Required action:
Retype the listing exactly, minus its pictures.

Information shown:
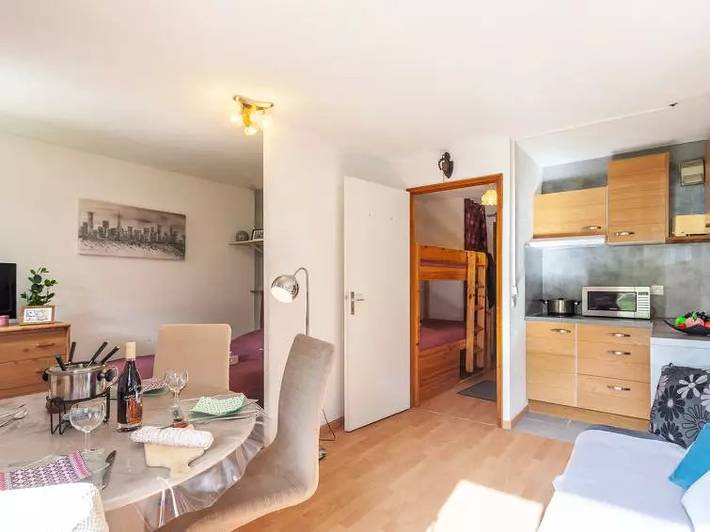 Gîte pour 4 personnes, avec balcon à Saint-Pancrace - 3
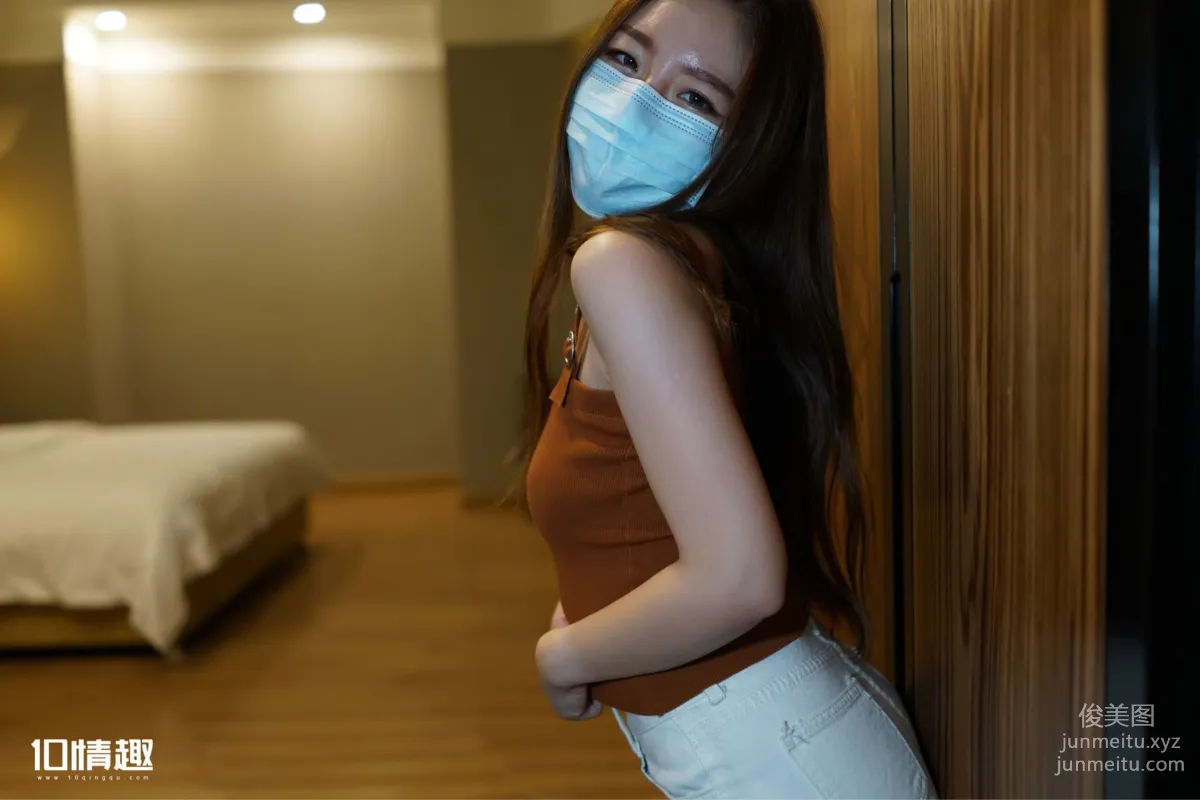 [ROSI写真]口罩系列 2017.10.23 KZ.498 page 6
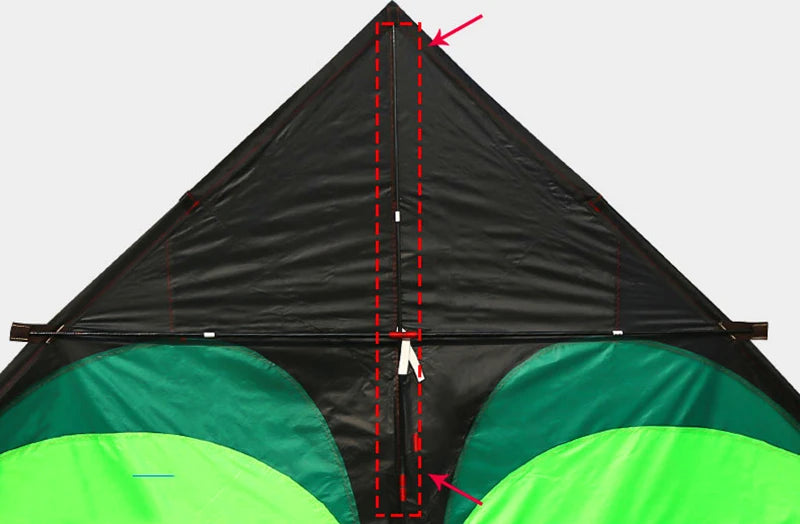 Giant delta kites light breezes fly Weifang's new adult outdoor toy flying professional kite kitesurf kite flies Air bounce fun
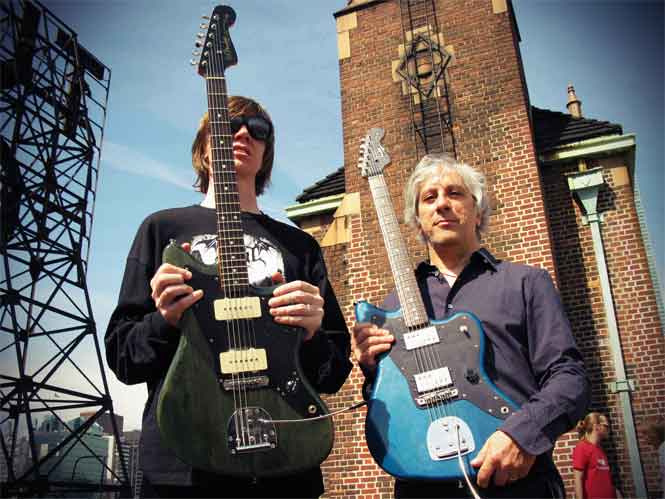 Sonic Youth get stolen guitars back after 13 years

Response below:
 Gîte pour 4 personnes, avec balcon à Saint-Pancrace - 3
 [ROSI写真]口罩系列 2017.10.23 KZ.498 page 6
 Giant delta kites light breezes fly Weifang's new adult outdoor toy flying professional kite kitesurf kite flies Air bounce fun
 Sonic Youth get stolen guitars back after 13 years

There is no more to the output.